Ottawa, Ontario, this 3rd day of February 2000


PRESENT: THE HONOURABLE MR. JUSTICE PELLETIER


BETWEEN :

     AMARO DA SILVA

     Applicant

     - and -

     THE MINISTER OF CITIZENSHIP AND IMMIGRATION

    

     Respondent



     REASONS FOR ORDER AND ORDER

PELLETIER J.

[1]      At the conclusion of the hearing of this motion seeking a stay of a deportation order, I dismissed the motion and indicated that reasons would be provided later. These are the reasons.

[2]      Mr. Amaro da Silva sought a stay of a deportation order against him on the ground that the visa officer who decided his application for a visa did not consider, or did not properly consider, the fact of his same sex relationship. The deportation order pursuant to which Mr. da Silva was being deported was unrelated to his visa application. It arose from the fact that Mr. da Silva had been in Canada illegally since 1993 and was ordered to leave Canada when he abandoned his refugee claim in 1995. The visa application was made in March 1997. Mr. da Silva was interviewed by the visa officer on August 6, 1998 and his application was refused in a letter dated August 18, 1998.

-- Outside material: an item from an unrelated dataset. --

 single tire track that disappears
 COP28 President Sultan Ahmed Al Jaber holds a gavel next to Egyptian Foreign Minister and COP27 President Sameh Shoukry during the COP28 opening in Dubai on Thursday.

[3]      Mr. da Silva applied for landing on two grounds; as an independent applicant whose intended occupation was a cook, and on the basis of sponsorship by his same sex partner. The application on the basis of employment as a cook failed because he had no experience in that occupation. Section 11(1) of the Immigration Regulations 1978 (the "Regulations") provides that no visa will be issued to a candidate who scores zero on the experience factor, which is one of the factors to be assessed in the rating scheme found at Schedule I of the Regulations .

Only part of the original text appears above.